The conflict turns violent — there’s blackmail, a shooting, a kidnapping, and Kaufman’s eventual trial — but quirky, indefatigable Constance and her sisters, all young, unmarried, unemployed, and selling off pieces of the family farm to get by, stand up for themselves in a time when women were still denied the right to vote and to own property. 

Stewart, who has written for the New York Times and the Washington Post and is a busy public speaker with engagements at garden clubs, trade shows, and bookstores around the country, said she came upon the idea for the book while doing research for The Drunken Botanist. Readers she has met on tour have likewise become enamored of the Kopp sisters’ story, she said, in which Constance is named one of the nation’s first female deputy sheriffs.

“It has a crime that is at the heart of it, but it is not a straight whodunit. What I am finding is that readers are very interested in the time period because it’s before the Roaring Twenties and it’s before World War I began, which is not a period of time that has been explored as much,” Stewart explained.

The book’s afterword includes newspaper articles and other documentation that provided Stewart with details about the actual event as well as her notes explaining the places where, and the reasons why, she used her imagination to fill in details or invent a plot line or character.

Stewart noted that while people are connecting to the time period — the American labor movement in Paterson, New Jersey, site of the famous Paterson silk strikes in 1913 — they are also really connecting with these three sisters and are excited to see what happens to them next.

“Each of the sisters was interesting in their own way,”  said Stewart, whose research on Constance, Norma, and Fleurette Kopp involved trolling Ancestry.com, combing through old census records and city directories, and tracking down the family’s living relatives.

The book also carries a feminist message, she said. None of its three main female characters wanted to get married and have children, and they were determined to maintain their independence, all in an age when it was difficult for women, married or not, to participate in civic affairs, get an education, or get a job outside of the home.

“I have been so gratified that a few people have said, ‘Oh, I’m so glad it’s not a love story.’…  It’s women doing something that isn’t sitting around talking about their boyfriends. That’s been great and so rewarding because that is what I personally loved about them,” Stewart said.

On her current book tour, Stewart has returned to many indie bookstores she has visited on previous tours. Since her first title, From the Ground Up: The Story of a First Garden, was published in 2001, many of their owners and staff members have become great friends, she said.

Over the course of touring for her previous books, Stewart has become adept at promotion: While touring for The Drunken Botanist, she created a signature cocktail for bookstores to serve during her events. For Girl Waits With Gun, Stewart has created another drink she calls “the New Jersey Automobile,” which is equal parts gin, sweet vermouth, applejack (a New Jersey spirit), and blackberry jam, topped off with sparkling wine.

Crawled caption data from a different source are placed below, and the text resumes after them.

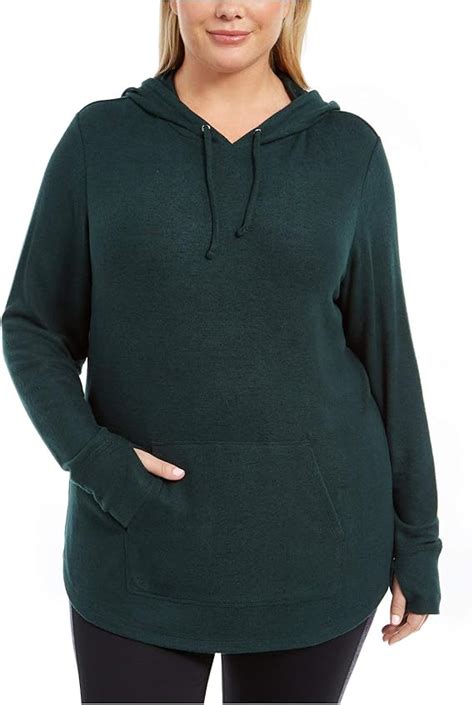 Sweatshirt with Thumb Holes: Stay Warm and Stylish Without Sacrificing Comfort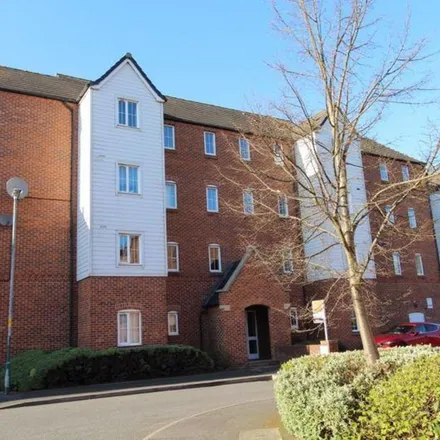 Rent this 2 bed apartment on Bridgeside Close in Brownhills, WS8 7BN
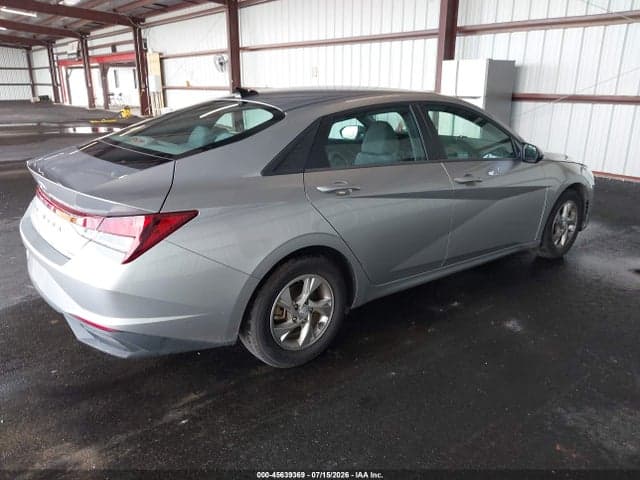 2021 HYUNDAI ELANTRA SE 4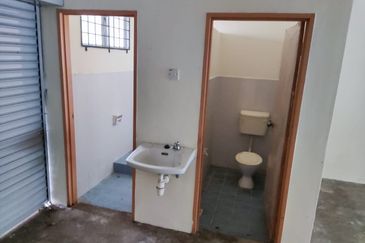 Oakland Commercial Centre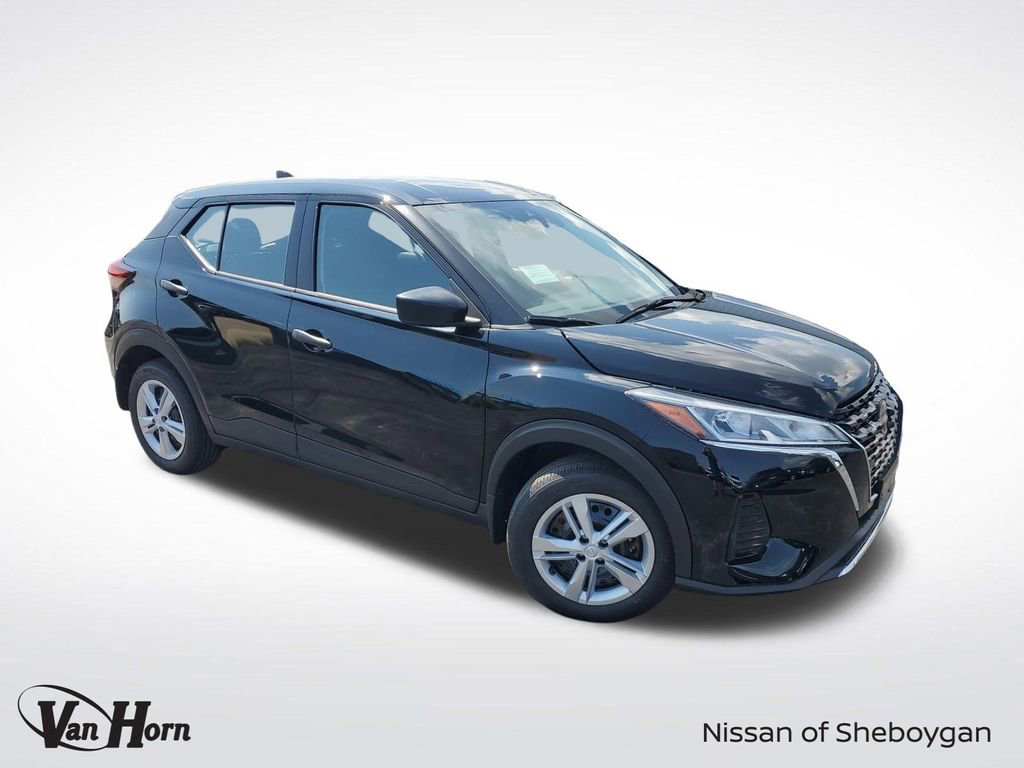 New 2025 Nissan Kicks Play S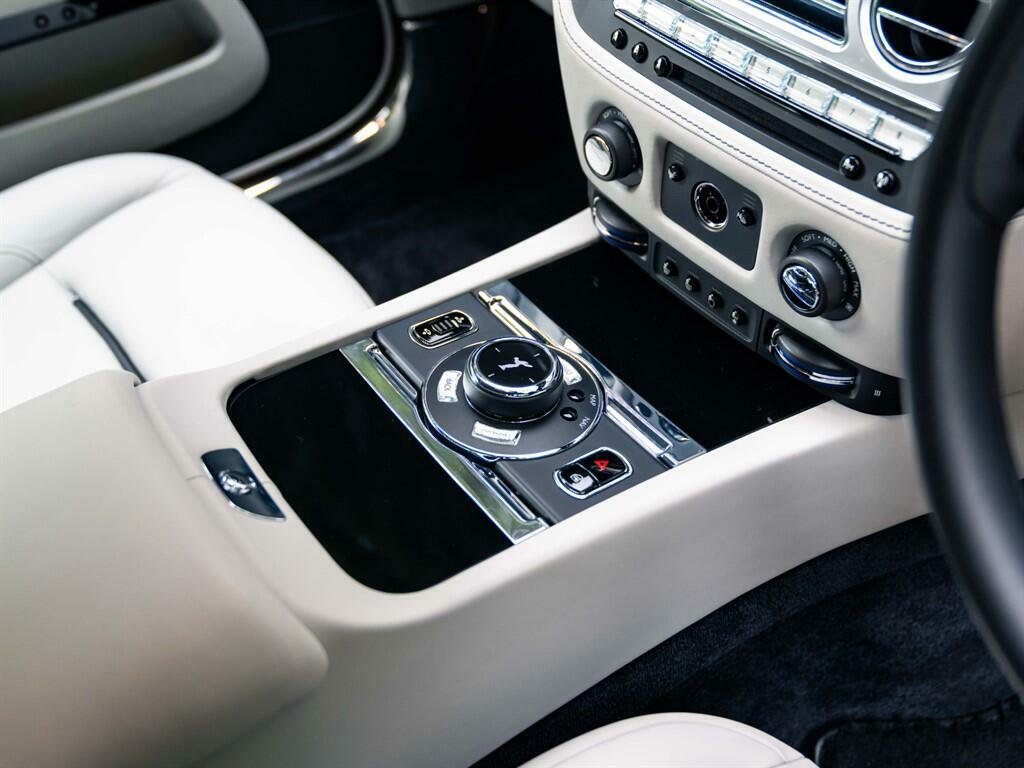 Rolls-Royce Wraith Black Badge  #12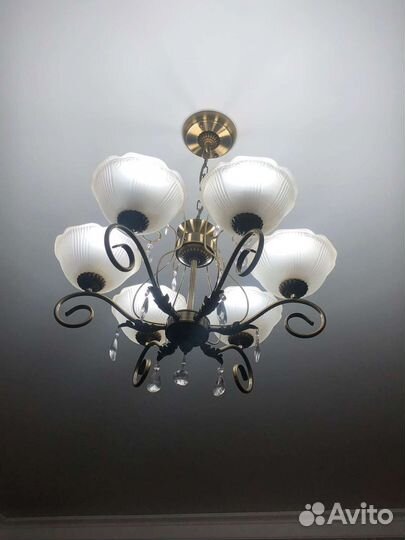 Люстра потолочная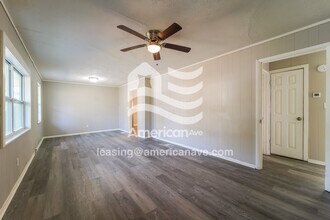 1836 Shamrock Dr in Jackson, MS - Foto de edificio - Building Photo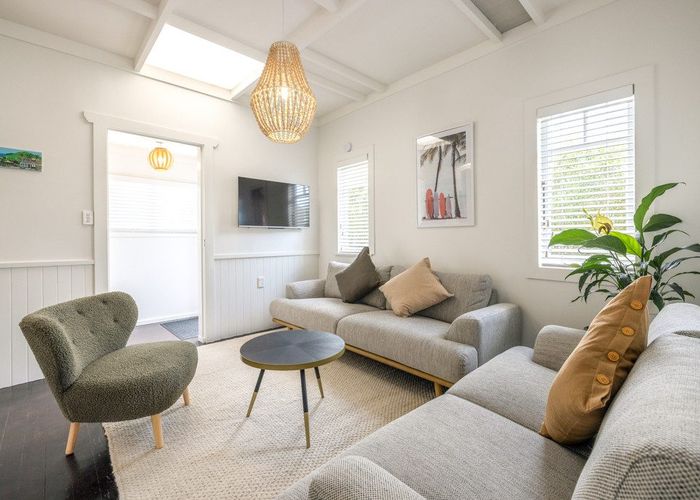  at 7 Surfdale Road, Surfdale, Waiheke Island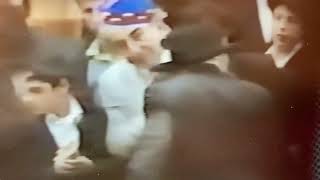 לכבוד ג׳ תמוז ה׳תשפ״ג, משתף יחידות נדירה עם הרבי שזכיתי לה ב׳כוס של ברכה׳, מוצאי שמחת תורה, ה׳תשמ״ז (הרב יאיר כלב) - התמונה מוצגת ישירות מתוך אתר האינטרנט יוטיוב. זכויות היוצרים בתמונה שייכות ליוצרה. קישור קרדיט למקור התוכן נמצא בתוך דף הסרטון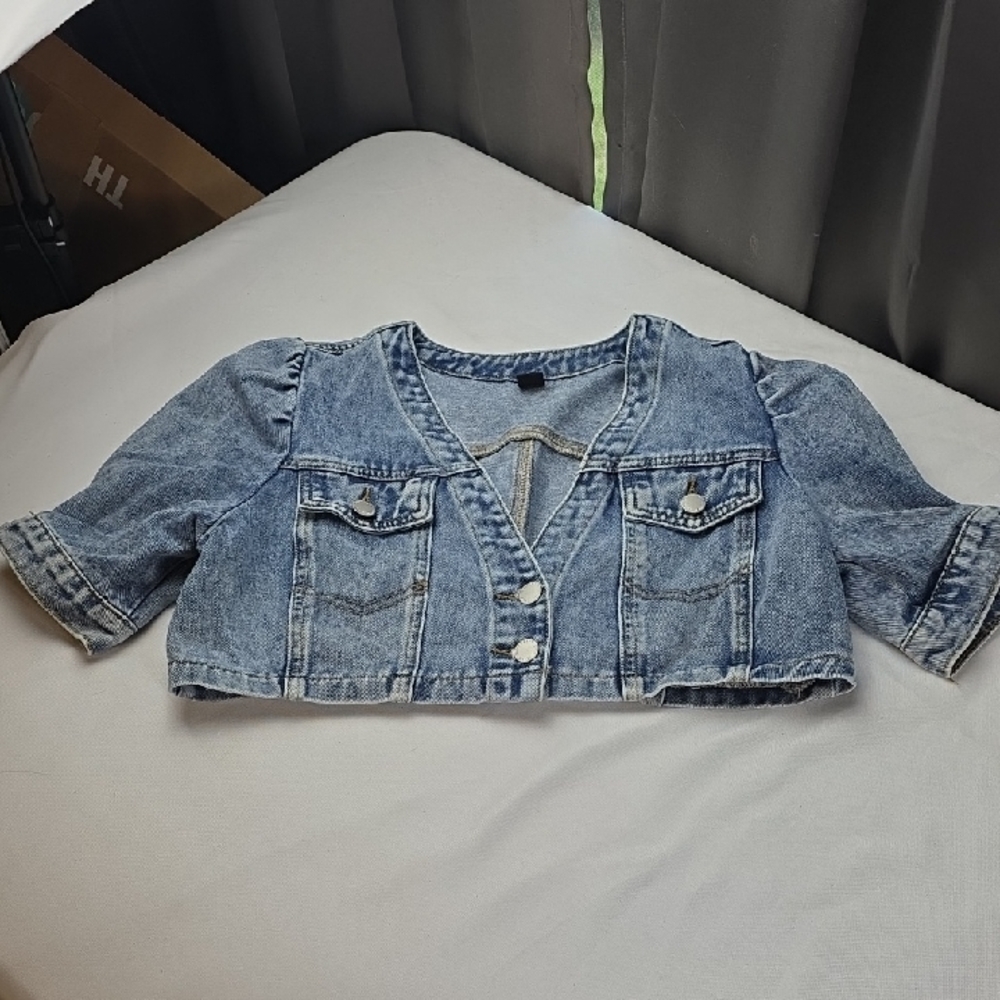 Shein Women's Juniors Blue Denim Cropped Jacket Buttons V-Neck Sz‎ M EUC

“I learned very quickly on that book tour that if you serve cocktails at your event people will totally show up, and so I said, ‘Alright, we’re just going to do cocktails with every book from now on. I don’t care what the book is about, lesson learned,’” said Stewart, with a laugh.

When she is not writing or touring, Stewart is working at her own bookstore in Eureka, where she helps to organize author events, manages publicity, and works behind the counter.

Stewart expressed gratitude to her fellow indies around the country who have made her book a success in their stores.

“It’s tough competition and there are so many big books that come out in the fall,” she said. “Of course, what independent bookstores do is read with a lot of discernment. We read carefully and really think about what our customers want, and that’s how books that don’t have the name Stieg Larssen attached to them stand a chance,” she said. “And I’m just so grateful for that.”